J’ai passé la semaine dernière à Sao Paulo, où l’ABEST ( « Associaçao Brasileira de Estilistas », équivalent de la Fédération Française de la couture, du prêt-à-porter et des créateurs de mode Française) m’avait invité à participer à un salon d’un genre nouveau: le Salao +B.
Ce salon présentait de nombreuses marques Brésiliennes. Certaines très connues: Osklen, Cecilia Prado, Iodice et Jo de Mer. Mais j’ai pu en découvrir d’autres comme la marque de foulard Scarf.Me ou la marque de prêt-à-porter Wasabi.
Avant d’être un salon d’achat, ce salon était un salon « intelligent », au sens « didactique » du terme. La mode est au même titre que l’Art en général, un moyen d’expression d’une époque, d’un pays… Mais elle engage une « économie » beaucoup plus large. De la production du tissu, en passant par les usines où on la confectionne et les points de ventes elle entraîne des problématiques industrielles, commerciales et culturelles. Dans le monde entier on se pose toujours la question de savoir si la mode doit dépendre du Ministère de la Culture, de L’industrie ou du Commerce. La réponse est qu’elle participe des trois à la fois.

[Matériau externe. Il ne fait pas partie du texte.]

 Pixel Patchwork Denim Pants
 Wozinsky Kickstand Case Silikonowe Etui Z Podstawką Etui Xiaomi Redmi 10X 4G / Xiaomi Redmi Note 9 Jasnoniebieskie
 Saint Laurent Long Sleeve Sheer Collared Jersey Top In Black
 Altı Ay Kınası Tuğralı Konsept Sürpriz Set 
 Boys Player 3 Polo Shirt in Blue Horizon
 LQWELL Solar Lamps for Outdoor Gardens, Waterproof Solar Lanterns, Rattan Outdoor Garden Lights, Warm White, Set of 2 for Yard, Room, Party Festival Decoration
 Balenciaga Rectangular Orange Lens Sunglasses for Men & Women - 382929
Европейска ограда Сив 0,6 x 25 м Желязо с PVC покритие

Raison de plus pour se poser ces questions, dans un pays en pleine explosion. Parmi les invités, Paulo Borges ( Président de la Sao Paulo Fashion Week, un peu le Didier Grumbach de la mode Brésilienne) mais aussi des journalistes ( Gloria Kalil), des Présidents de marques ( Reserva, The Craft Shoes Factory, Twins for Peace) et même le Gouverneur de l’Etat de Sao Paulo: Geraldo Alckim.
Voici le constat synthétisé. Jusqu’à présent, Il y avait relativement peu d’importations de marques étrangères et de matières premières au Brésil, les taxes à l’entrée étant prohibitives. Etant dans l’Hémisphère Sud, les saisons sont inversées. Depuis qu’elle existe, la mode Brésilienne vit un peu en autarcie sur elle même. De plus, jusqu’à récemment, l’inflation était telle qu’il était impossible d’exporter. Les top modèles Brésiliens se sont rendus plus vite célèbres à l’international que la création de leur propre pays!
Mais aujourd’hui la donne a changé: les prix sont relativement stables, et de grands groupes internationaux ( Zara, Topshop) arrivent, quitte à un peu renier leurs marges pour conquérir un marché de plus de 200 millions d’habitants dont la classe moyenne ne cesse de grandir. Les maisons de luxe et de haut de gamme arrivent aussi ( Vuitton, Hermès, bientôt Balmain). Que faire alors si l’on exporte pas ou peu sa production, et que le « moyen de gamme » ainsi que le luxe international arrivent en force?
Plusieurs réponses, parfois contradictoires, ont été apportées. Certains prônent une fabrication et une distribution 100% Brésilienne ( c’est un enjeu politique pour l’emploi et le développement du pays), d’autres prônent une ouverture. La prochaine saison, la Fashion Week de Sao Paulo se calera sur un calendrier plus international ( Octobre et Mars) et intégrera donc l’ouverture saisonnière de budget des acheteurs internationaux. Comme le disait Luc Zeltner, Directeur du magasin MERCI à Paris, l’Europe est avide d’une création nouvelle, dynamique et gaie que peut pleinement apporter le Brésil.
Le Brésil doit donc réorganiser son système de mode selon la voie organique qui lui conviendra et qui pourra permettre de digérer sereinement la concurrence internationale sur son territoire, et de partir à la conquête du reste du monde hors de ces frontières.